New brain research improving scores at New Buffalo Schools

NEW BUFFALO, Mich. – New, brain research is being used in New Buffalo Elementary School classrooms and the results have been extraordinary.

Instead of teaching the alphabet in a traditional sense, instructors are using a new language to teach reading. It’s called ‘Re-wiring the Brain’. Only a handful of schools in the country are on board.

If you sit in Ms. Selir’s kindergarten classroom you’ll see something, maybe, you’ve never seen before. Every kindergartener is reading a book and pronouncing words that other five and six-year-olds, usually, would never read.

“Fan-tas-tic,” spelled out one of Selir’s students at the chalkboard. Her brain has been re-wired to read the sounds associated with the order of the letters inside of a word, instead of the letters themselves.

“It used to be we just thought it was the 26 letters of the alphabet and that’s it,” said Laura Selir. “But there are 44 sounds the kindergarteners all learn.”

“We now know every child can read if taught the right way,” said Erika Milovich, the Instruction Literary Specialist at New Buffalo Schools.

Milovich helped implement the program in ever grade at the school and said that the results speak for themselves.

On state testing this year New Buffalo improved K-5 reading and writing scores, moving into the top three schools in Berrien County. It was the first time New Buffalo made that mark.

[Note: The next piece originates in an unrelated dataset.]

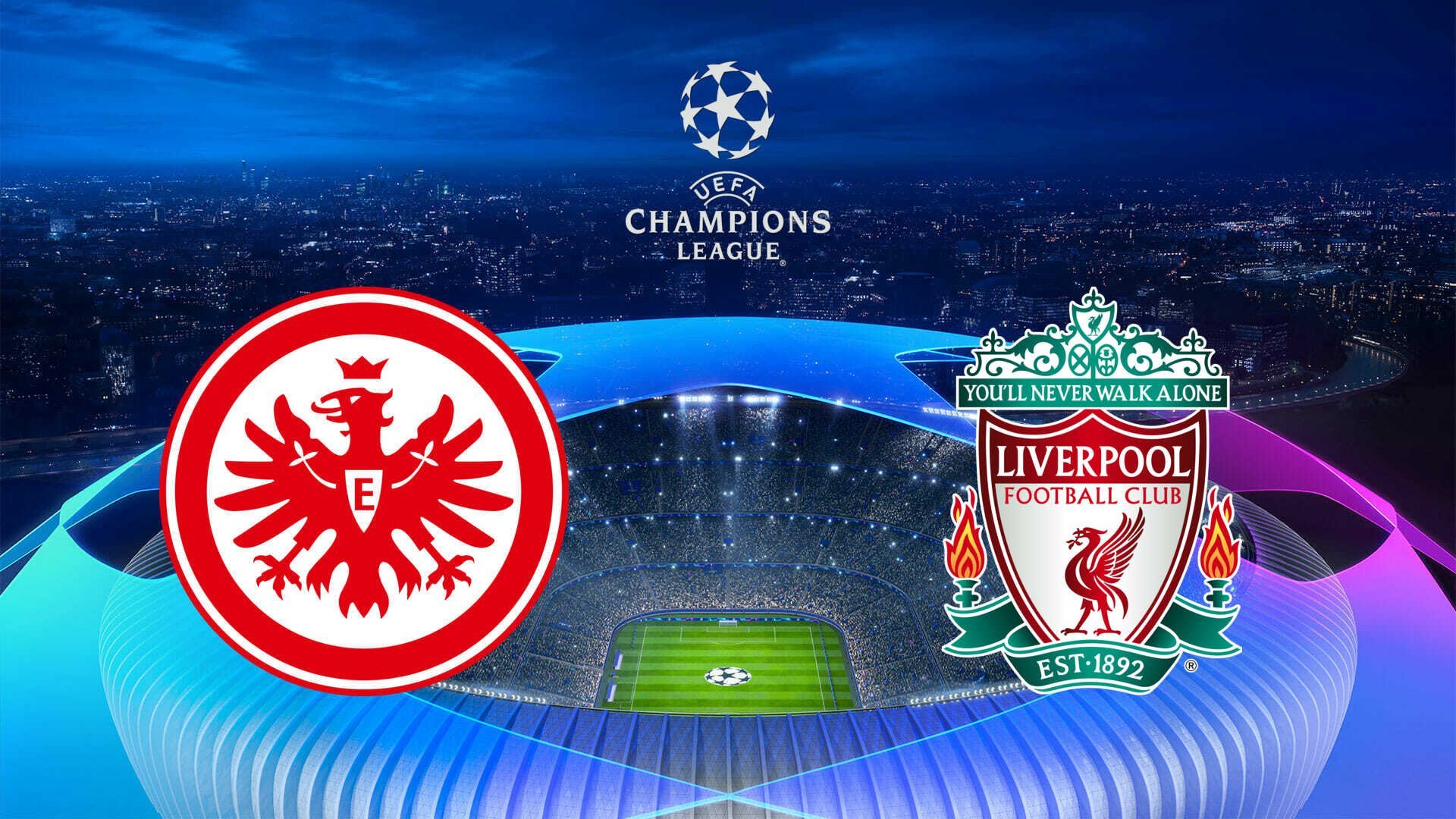 UEFA Champions League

Milovich said it’s just the beginning. ‘Re-wiring the Brain’ is only in its second year. “They’re confident and probably some of the best teachers in the state at reading if not the best in the country,” she said.

Milovich said all New Buffalo students are testing at or above adequate levels for their grade.

‘Re-wiring the Brain’ is only being used in eight classrooms in the United States. All are in Michigan.